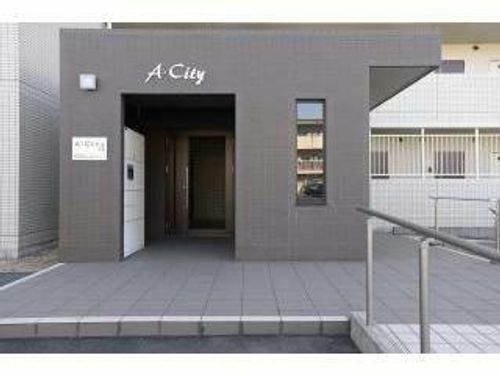 A・City七条の玄関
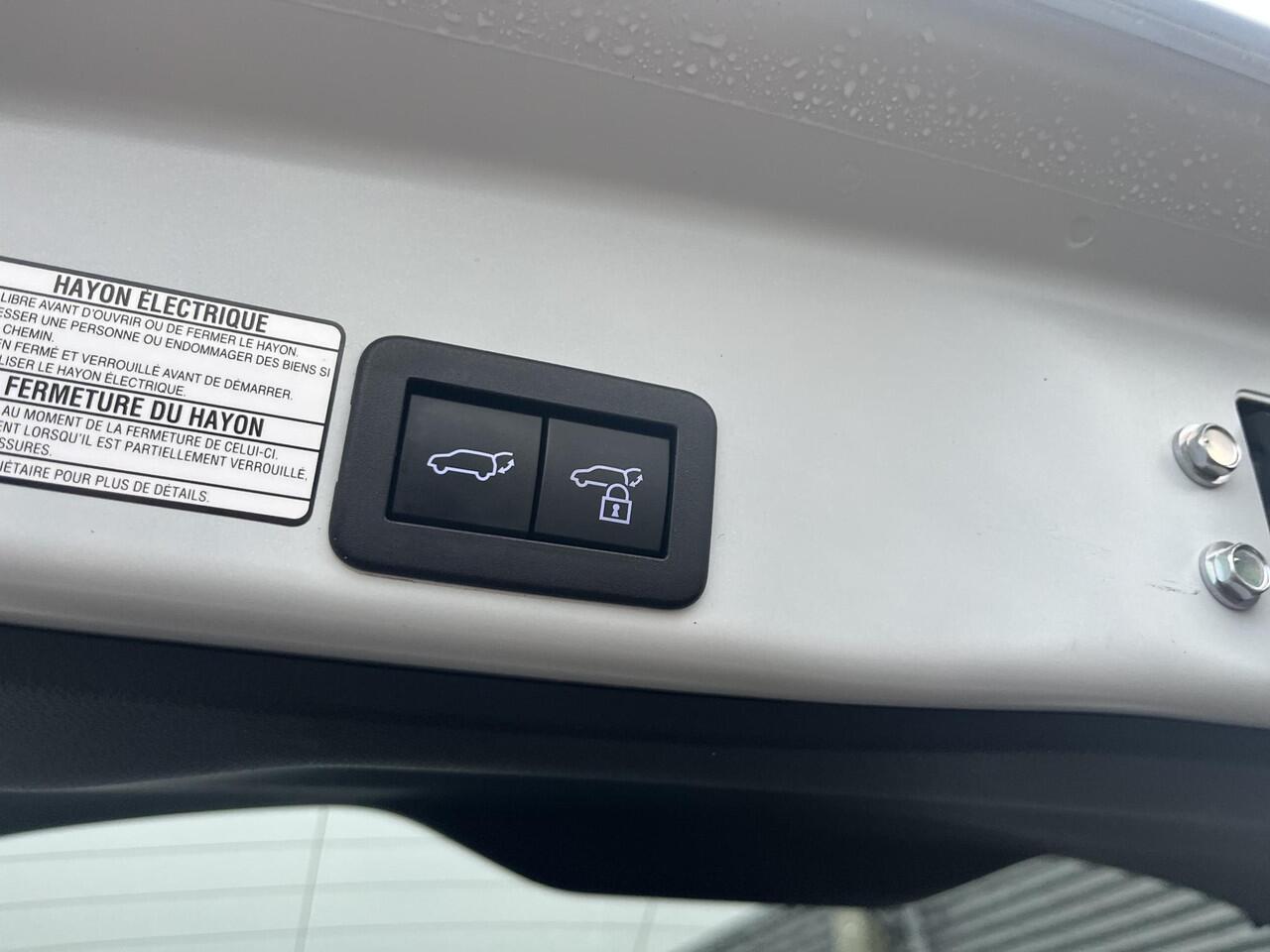 Toyota YARIS Cross 1.5 Hybrid Adventure AWD Panoramadak, Stoelverwarming, HUD, JBL, Elek. achterklep, LMV, LED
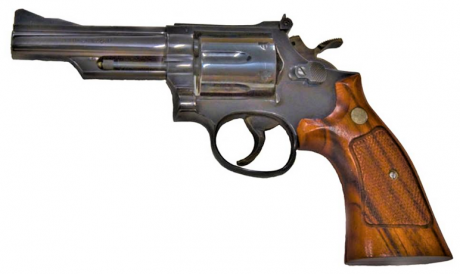 Hola

buscaba un revólver clásico en pavón azul, de Smith & Wesson (Model 19, Model 15, Model 10 o 00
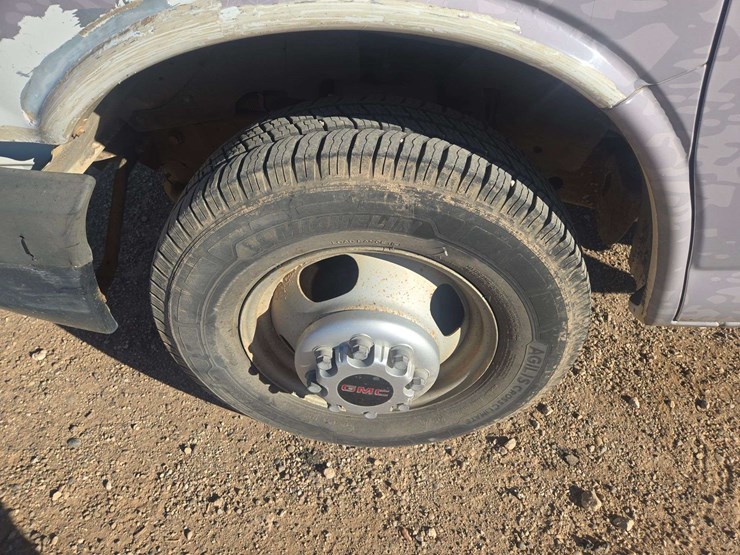 2003-gmc-3500-image-8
● ● ● ● ● ● ●
__ACTIVITY__.
Return every entry word for word, minus the pictures.

__WRITTEN SOLUTION__.
 A・City七条の玄関
 Toyota YARIS Cross 1.5 Hybrid Adventure AWD Panoramadak, Stoelverwarming, HUD, JBL, Elek. achterklep, LMV, LED
 Hola

buscaba un revólver clásico en pavón azul, de Smith & Wesson (Model 19, Model 15, Model 10 o 00
 2003-gmc-3500-image-8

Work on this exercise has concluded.